A call for a Canadian cyber strategy

In Canada, no national cybersecurity strategy exists. Promises made by government officials to get this done have been left unfulfilled. No overall plan also means no general policies in place to provide more holistic guidance to the government and private sectors – now and in times of cyberwarfare.

Industry pundits are speaking out loudly against this major absence and calling for the government to establish an overarching cybersecurity strategy akin to one created by the Obama administration last year. Along with it, an official – like U.S. Cyber Security Coordinator Howard Schmidt – should be named, which hopefully would encourage government and private sectors to work together to implement best practices, policies and plans. These initiatives would keep critical informational assets safe from hackers, as well as from those engaging in cyberespionage/cyberwarfare.

Yes, the Canadian government launched the Canadian Cybersecurity Incident Response Centre in 2005, but, as Reporter Danny Bradbury points out in this month's feature story, most see it being used for nothing more than tracking major vulnerabilities.

In short, there has been plenty of talk about cybersecurity on the national level in Canada, but far too little action. Bradbury reveals this may change, however. His sources reveal that a document was drafted to establish a cohesive national strategy. Others view this development with a bit more skepticism, noting that the document likely will be too narrowly focused to result in any real steps toward the establishment of an overall cybersecurity strategy for the country and, as a result, sweeping improvement to its current questionable stance.
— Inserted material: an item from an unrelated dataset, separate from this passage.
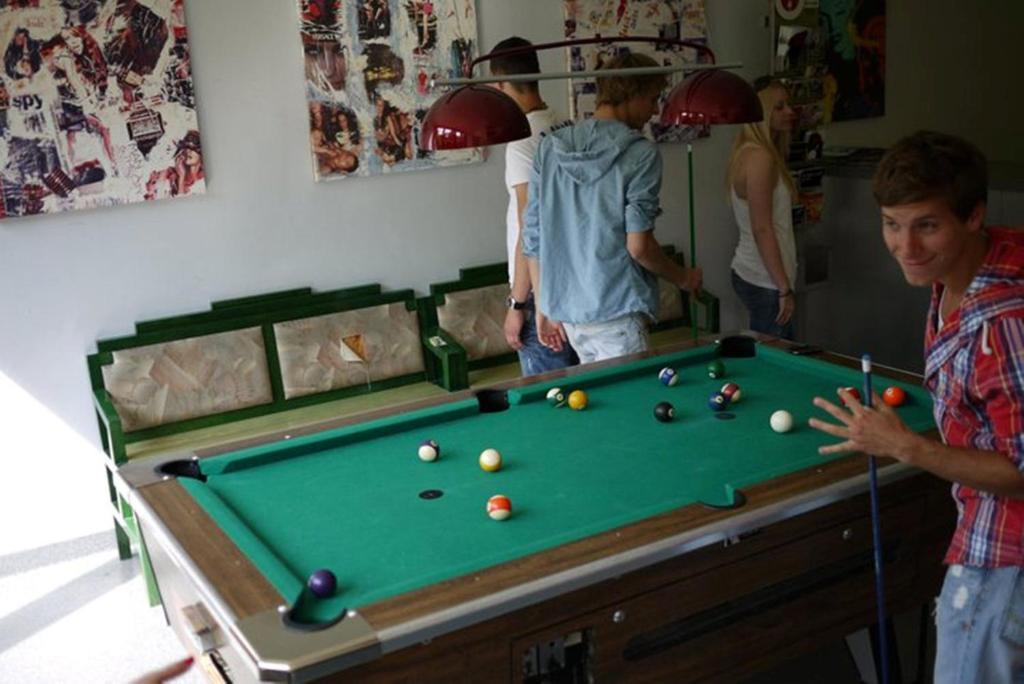 Hostel Huetteldorf Viyana Dış mekan fotoğraf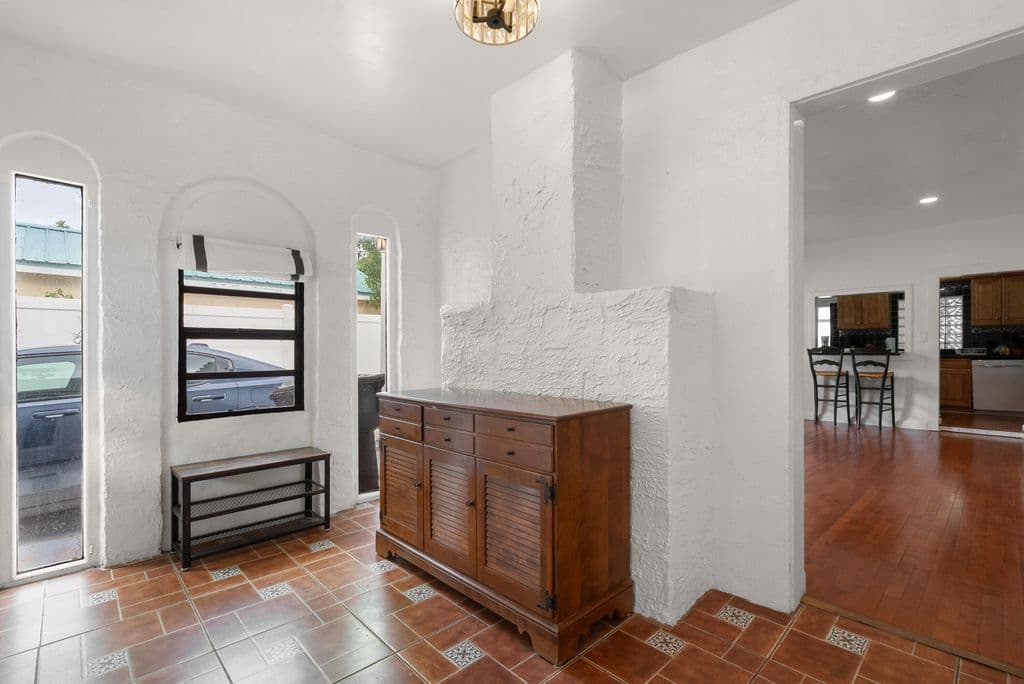3+1 Müstakil ev — 625 Selkirk Street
Meantime, as calls for strengthening the country's information security posture continue, a focus on still-lingering economic woes by government officials continues. This single-mindedness, some say, is exactly why no progress is being made on the information security front. Advisory board members for the forthcoming SC Congress Canada event, which will be held in November, noted in a recent meeting with SC Magazine staff that their country indeed is behind the United States when it comes to getting organized about information security. Unfortunately, it seems this environment is likely to persist, at least through several more months as Parliament recesses for summer. As the saying goes: there is no rest for the wicked. Cybercriminals no doubt will continue launching money-grabbing attacks – even while officials relax lake- or beachside.

Illena Armstrong is editor-in-chief of SC Magazine.